Bertha the underground tunnel-boring machine began her slow march under Seattle this summer. She’s been a long time coming. The Nisqually earthquake hit in 2001 and did enough damage to the Alaskan Way Viaduct that it needed to be replaced, but it’s taken more than a decade to get even this far.
The urgency of this work was reemphasized by the failure of the I-5 bridge over the Skagit River at the start of the summer travel season. If a truck can bring a “safe” bridge down, what havoc could be wreaked in the next big quake?
Seattle’s scenery is part of its allure, but our landscape was shaped by cataclysm. If you sit and sip on the deck at Ray’s Boathouse at Shilshole, the pretty views are sobering when you know a little history.
Those Olympic peaks? They were thrust up by a collision of tectonic plates that is still happening in slow motion under the Pacific Ocean. Right off the Washington coast is what scientists call a subduction zone that could be the source of the next megaquake. Magnolia’s West Point? The archaeological evidence indicates a Native American settlement there was washed away around 1,100 years ago when a tsunami sloshed about the Puget Sound Basin.
It turns out our region has an underground system of faults that, for millennia, has produced devastating quakes at regular intervals.
Seattle has changed a good deal in the last half-century, but we also know more about the place where we built it, thanks to the work of dedicated scientists who have been trying to understand what lies under our feet. Their work is documented in a new book called "Full-Rip 9.0" (Sasquatch Books, $23.95). And no, the title is not a reference to your blood-alcohol level, unless it's yours after you read the book and tried to tamp down the fear with a couple of stiff drinks.
Written by Seattle Times science writer Sandi Doughton, the book is a hard, fast and compelling look at the potential impact The Big One might have on us and it documents the detective work of researchers as they try to nail down the shifting tectonic structures below. It’s recommended beach reading, as long as you know your tsunami evacuation route.

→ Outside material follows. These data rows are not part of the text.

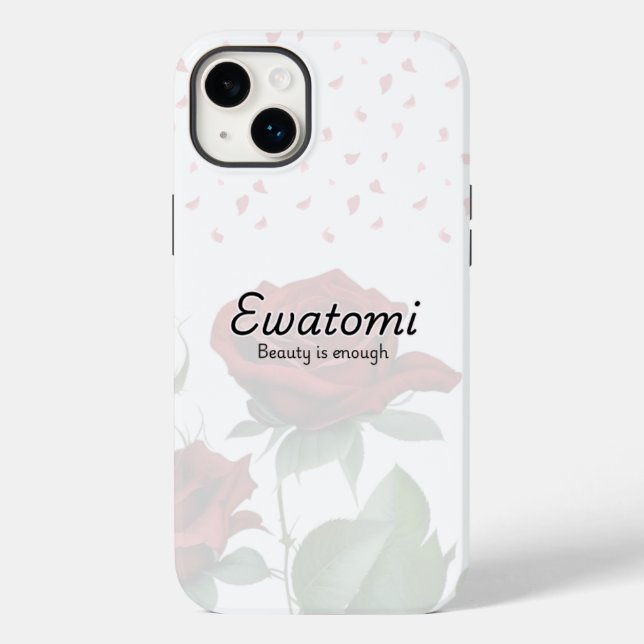 Personalized Ewatomi iPhone case (Back)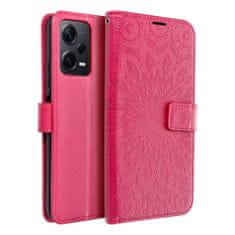 OEM MEZZO Knjižni ovitek za XIAOMI Redmi Note 12 Pro 5G mandala magenta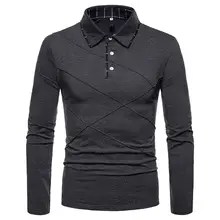 MISSKY осень весна мужская рубашка Повседневная рубашка с длинным рукавом одноцветная рубашка приталенный пуловер Топы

One of the astonishing things you learn is how recently our eyes have been opened to the dangers. The Seattle Fault, for example, which most geologists think runs (in part) from SoDo to Issaquah, only started to gain attention in the 1980s. Even now its full extent and connection to other faults is still being mapped.
Scientists also have dug into the ground, swamps, tide flats and lake bottoms to find evidence of old quakes and their impacts. They’ve studied layers of sand and debris left from tsunamis. They’ve counted tree rings in ghost-like underwater standing forests, such as the one south of Mercer Island that slid deep into Lake Washington during a massive quake. They’ve collected and analyzed Native American oral traditions that have recorded centuries-old experiences of tidal waves and tremblors. Native American storytellers have told of a’yahos, spirits that could twist the landscape. Science suggests they were talking about a real phenomenon.
Quake dangers are as yet unpredictable, and geological time is beyond the scales of politics and budgets. Researchers are trying to learn more with new scanning technologies and seismic sensors. City policymakers are discussing new rules for retrofitting our vulnerable historic brick buildings.
Still, an Earthquake Engineering Resources Institute estimate in 2005 said that a midday quake of 6.7 on the Seattle Fault — hardly the worst that could happen here — could kill 1,600 people, injure 24,000, destroy 10,000 homes or buildings and damage another 180,000. In just 30 seconds. The economic impact would be upward of $33 billion. Doughton quotes an emergency planner: “It’s going to be ugly.”
It’s also easy to be complacent. One reason is that no one can yet predict when the next major quake will happen, let alone one bigger than we have ever witnessed. That might not happen for another 50, 100 or 1,000 years. Or it could happen tomorrow. Until it does, we’ll likely continue to enjoy the views in a state of semi-denial, seeing the great scenery of Mount Rainier and Puget Sound, not a future Pompeii.